Data records
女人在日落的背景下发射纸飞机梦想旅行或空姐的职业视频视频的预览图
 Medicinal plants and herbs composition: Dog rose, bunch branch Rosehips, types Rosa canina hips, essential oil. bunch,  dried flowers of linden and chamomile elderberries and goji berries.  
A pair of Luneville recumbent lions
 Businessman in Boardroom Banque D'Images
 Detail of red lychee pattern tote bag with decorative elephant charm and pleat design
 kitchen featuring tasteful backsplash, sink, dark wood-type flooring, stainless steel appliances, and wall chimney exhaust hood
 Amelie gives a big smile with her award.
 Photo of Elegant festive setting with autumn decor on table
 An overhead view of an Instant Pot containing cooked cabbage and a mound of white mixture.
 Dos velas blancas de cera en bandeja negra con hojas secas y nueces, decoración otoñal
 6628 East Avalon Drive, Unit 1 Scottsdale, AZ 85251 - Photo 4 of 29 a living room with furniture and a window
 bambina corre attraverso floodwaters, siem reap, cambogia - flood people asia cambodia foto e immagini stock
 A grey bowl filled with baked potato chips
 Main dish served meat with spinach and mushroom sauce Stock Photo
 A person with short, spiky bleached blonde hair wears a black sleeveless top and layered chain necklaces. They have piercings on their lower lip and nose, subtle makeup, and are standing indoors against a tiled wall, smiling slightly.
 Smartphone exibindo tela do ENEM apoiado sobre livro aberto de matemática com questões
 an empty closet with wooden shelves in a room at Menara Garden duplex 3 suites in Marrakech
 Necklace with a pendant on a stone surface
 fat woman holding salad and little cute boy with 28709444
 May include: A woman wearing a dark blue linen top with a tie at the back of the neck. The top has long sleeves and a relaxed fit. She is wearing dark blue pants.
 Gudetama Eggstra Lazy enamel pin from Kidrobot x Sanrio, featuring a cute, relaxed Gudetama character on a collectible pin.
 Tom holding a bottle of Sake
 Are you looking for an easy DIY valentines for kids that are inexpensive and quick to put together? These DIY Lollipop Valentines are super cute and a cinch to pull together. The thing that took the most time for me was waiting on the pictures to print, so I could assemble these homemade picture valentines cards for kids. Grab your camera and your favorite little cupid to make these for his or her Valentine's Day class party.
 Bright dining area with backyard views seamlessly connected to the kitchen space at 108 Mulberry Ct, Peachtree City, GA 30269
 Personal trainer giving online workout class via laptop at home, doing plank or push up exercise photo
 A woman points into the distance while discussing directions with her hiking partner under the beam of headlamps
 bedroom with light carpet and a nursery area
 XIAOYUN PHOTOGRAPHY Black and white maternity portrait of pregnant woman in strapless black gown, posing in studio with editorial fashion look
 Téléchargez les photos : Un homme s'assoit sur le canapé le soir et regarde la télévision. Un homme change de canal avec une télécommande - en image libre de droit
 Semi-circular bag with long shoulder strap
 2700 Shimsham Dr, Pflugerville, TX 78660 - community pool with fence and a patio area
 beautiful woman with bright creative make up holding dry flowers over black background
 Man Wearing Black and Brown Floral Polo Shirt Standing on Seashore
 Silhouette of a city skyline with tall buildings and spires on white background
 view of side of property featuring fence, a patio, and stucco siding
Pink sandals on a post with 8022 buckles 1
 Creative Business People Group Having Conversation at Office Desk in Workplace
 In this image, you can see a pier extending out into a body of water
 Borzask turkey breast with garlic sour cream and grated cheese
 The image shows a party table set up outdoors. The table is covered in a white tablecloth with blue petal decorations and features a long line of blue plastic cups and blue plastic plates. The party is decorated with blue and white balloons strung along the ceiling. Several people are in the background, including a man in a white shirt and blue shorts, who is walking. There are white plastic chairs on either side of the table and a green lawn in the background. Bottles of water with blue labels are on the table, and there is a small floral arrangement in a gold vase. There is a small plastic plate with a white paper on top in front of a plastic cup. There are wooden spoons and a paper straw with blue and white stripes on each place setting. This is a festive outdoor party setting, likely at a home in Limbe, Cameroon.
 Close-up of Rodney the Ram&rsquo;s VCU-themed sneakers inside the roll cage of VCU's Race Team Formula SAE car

Instructions to follow:
What lines in the entries above include the string "area"? Return each one.

Written solution:
 Bright dining area with backyard views seamlessly connected to the kitchen space at 108 Mulberry Ct, Peachtree City, GA 30269
 bedroom with light carpet and a nursery area
 2700 Shimsham Dr, Pflugerville, TX 78660 - community pool with fence and a patio area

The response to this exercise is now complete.